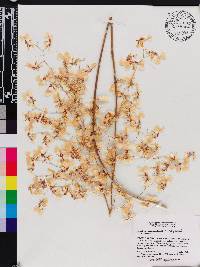 Oncidium obryzatoides image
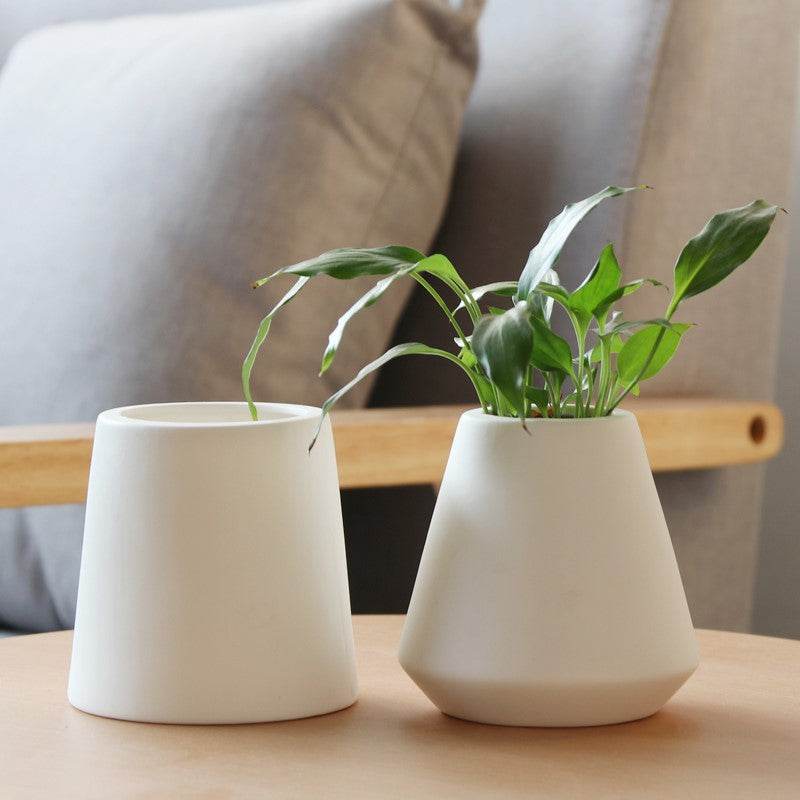 White ceramic green plants - Mubimart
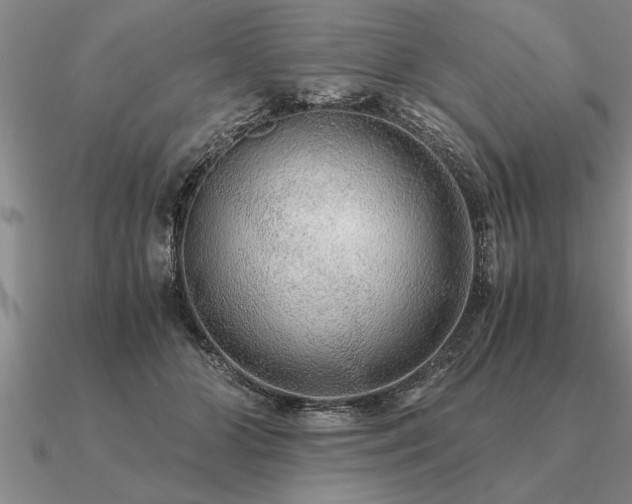 X0000091100510200708061422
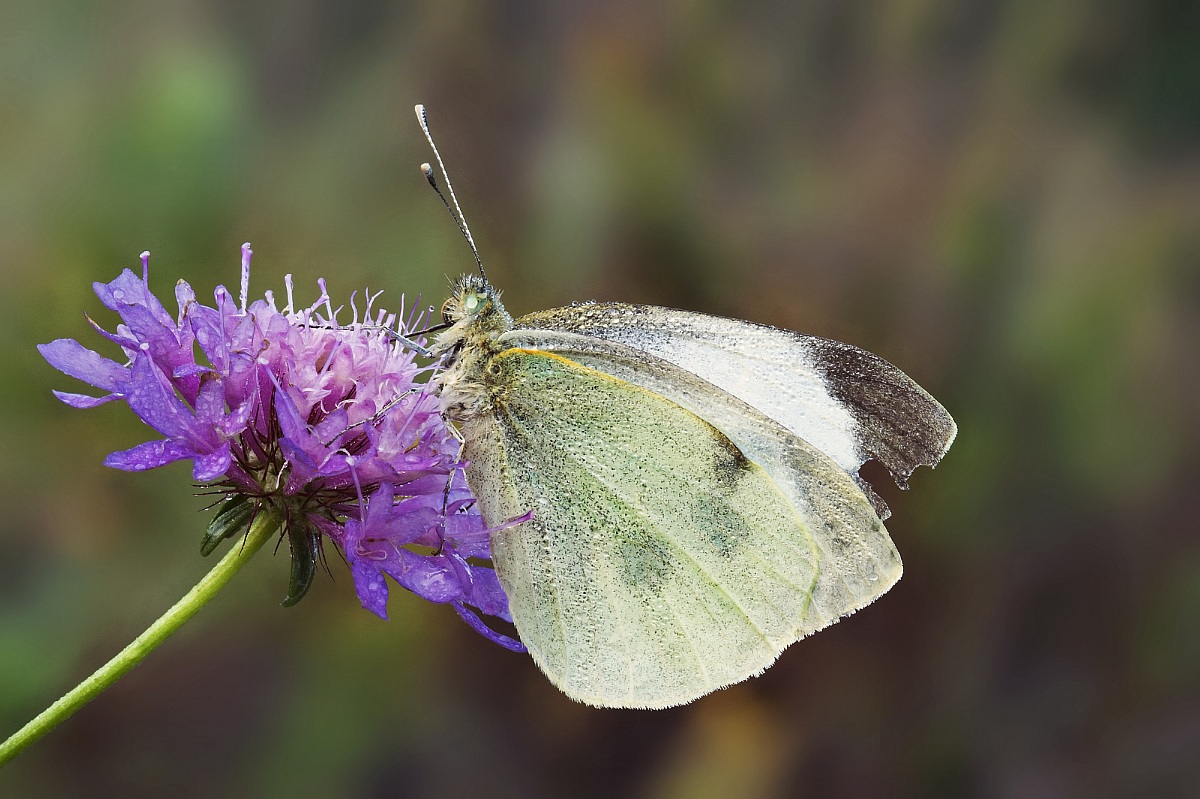 Lo devo trovare.... il titolo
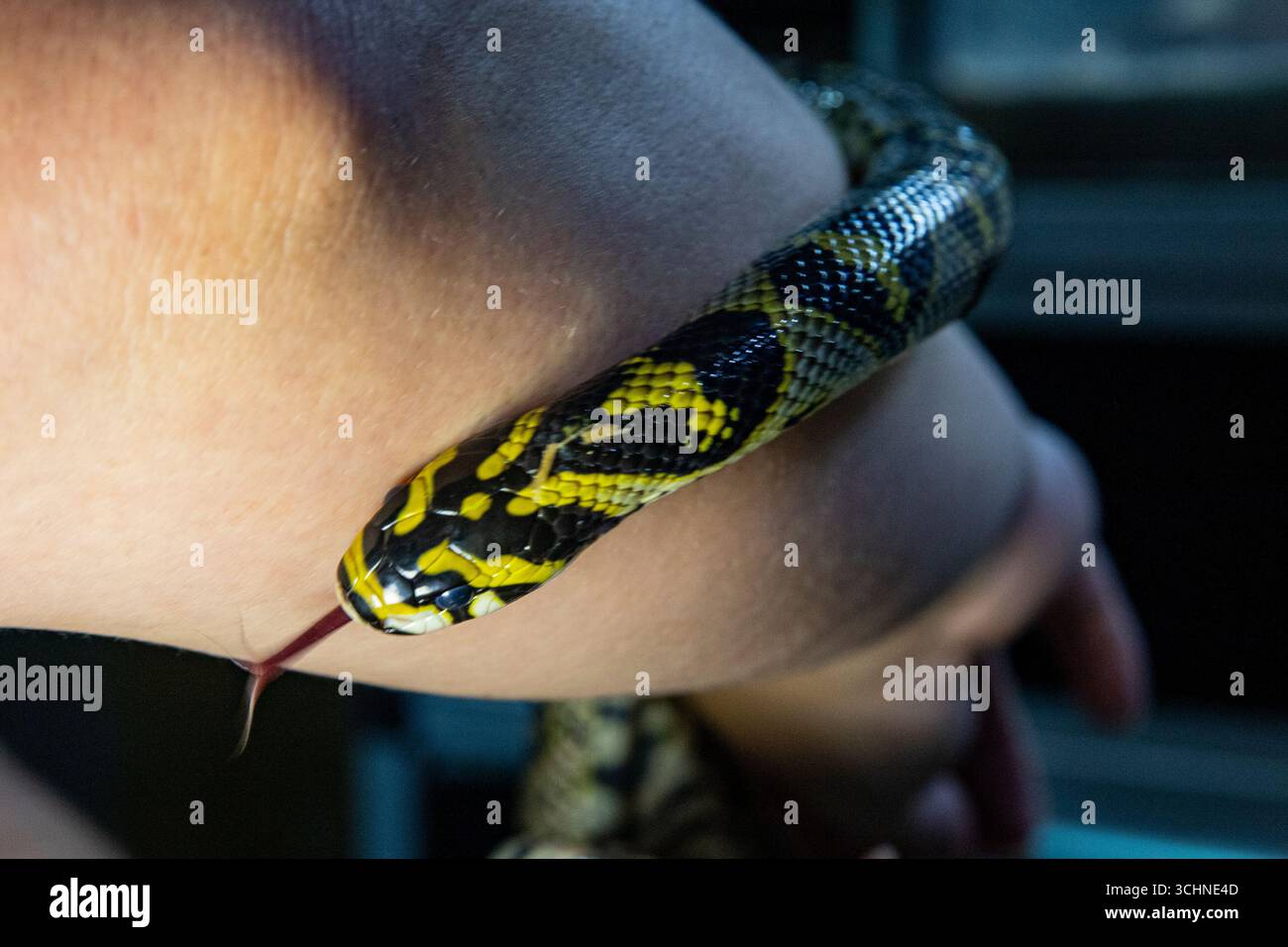 Ritratto di un serpente non velenoso. Serpente nero e giallo Foto Stock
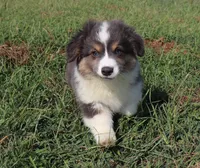 Bluie Fluffy Gril, a female Pembroke Welsh Corgi for sale in Galena, KS – 5 of 6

_Work instructions:_ Nothing but the lines from the line holding "Ritratto di un" through the last line of the entries above is to be reproduced, exactly and without pictures.

_Finished exercise:_
 Ritratto di un serpente non velenoso. Serpente nero e giallo Foto Stock
 Bluie Fluffy Gril, a female Pembroke Welsh Corgi for sale in Galena, KS – 5 of 6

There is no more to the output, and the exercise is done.